上記からもわかるように、第4控訴裁判所は、直接憲法違反があったかどうかの判断は示していない。しかし、連邦地方裁へのやり直し命令からわかるように、明らかにこの生徒の主張を支持しているのである。

このように、間接的な判決ではあるが、そのもたらす影響力は計り知れない。第4控訴裁判所の管轄区域は、MD, VA, WV, NC, SCの5州である。そう、あのNC州が含まれているのである。ここから、NC州法が連邦憲法に違反しているとの訴えは、間違いなく第4控訴裁判所で認められることになる。

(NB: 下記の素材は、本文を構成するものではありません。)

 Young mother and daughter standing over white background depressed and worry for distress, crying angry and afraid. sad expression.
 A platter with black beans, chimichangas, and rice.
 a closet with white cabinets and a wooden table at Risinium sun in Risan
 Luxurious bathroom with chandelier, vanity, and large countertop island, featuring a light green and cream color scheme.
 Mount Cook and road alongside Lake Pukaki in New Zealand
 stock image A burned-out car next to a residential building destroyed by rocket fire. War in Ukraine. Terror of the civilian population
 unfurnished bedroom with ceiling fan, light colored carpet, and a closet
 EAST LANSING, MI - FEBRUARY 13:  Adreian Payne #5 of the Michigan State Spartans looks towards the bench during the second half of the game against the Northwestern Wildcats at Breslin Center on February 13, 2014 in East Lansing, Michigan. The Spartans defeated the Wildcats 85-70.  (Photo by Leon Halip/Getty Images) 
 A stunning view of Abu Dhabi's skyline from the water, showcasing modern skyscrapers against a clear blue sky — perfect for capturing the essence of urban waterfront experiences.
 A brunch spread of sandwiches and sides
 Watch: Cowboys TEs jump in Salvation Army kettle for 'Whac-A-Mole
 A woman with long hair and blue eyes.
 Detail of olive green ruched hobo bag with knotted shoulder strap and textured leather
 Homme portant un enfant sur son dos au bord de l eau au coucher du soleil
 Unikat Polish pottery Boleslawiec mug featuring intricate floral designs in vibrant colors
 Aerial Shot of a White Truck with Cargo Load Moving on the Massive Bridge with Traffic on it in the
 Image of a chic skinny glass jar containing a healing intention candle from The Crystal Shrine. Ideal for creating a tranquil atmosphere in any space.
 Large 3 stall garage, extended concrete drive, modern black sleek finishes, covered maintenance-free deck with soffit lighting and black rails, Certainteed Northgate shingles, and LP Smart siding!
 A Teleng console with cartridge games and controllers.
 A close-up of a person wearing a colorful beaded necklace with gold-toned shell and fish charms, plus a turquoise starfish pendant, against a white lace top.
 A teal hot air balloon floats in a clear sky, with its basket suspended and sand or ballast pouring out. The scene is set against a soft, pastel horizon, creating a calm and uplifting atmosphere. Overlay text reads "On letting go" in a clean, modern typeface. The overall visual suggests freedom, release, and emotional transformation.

一方、Obama政権は、このようなトランスジェンダーの主張を認めない州に対して、学校、住宅、高速道路などの建設費用の連邦負担分を差し止める措置ができないか、検討に入ったとされている。資金面でも締め付けようという訳である。

※ 参考テーマ「LGBT

4月21日 UnitedHealth全面撤退 
Source :UnitedHealth Group to exit Obamacare exchanges in all but a ‘handful’ of states (Washington Post)
予て2州からの撤退を表明していたUnitedHealth Groupが、19日、2017年に34州のExchangeからほぼ全面撤退することを明らかにした(「Topics2016年4月12日 2州のExchangeから退出」参照)。理由としては、 ことを挙げている。

これに伴い想定されている影響は次の通り。
  1. 保険会社の選択肢が一つしかない加入者が110万人増える。

  2. しかしながら、大半の加入者は3社以上の選択肢を有する。

  3. ベンチマークとなっている保険プランの保険料(Silverの下から2番目)は約1%上昇する。
ということで、衝撃的な影響が全米で生じるというわけではない。

むしろ、注目すべきは他の保険会社がこれに追随するのかどうか、である。UnitedHealthは、個人保険プランからの収入割合が他の大手保険会社よりもかなり低いために今回の決断につながったとみられているが、加入者一人当たりコストが高いのはどの保険会社にとっても共通である。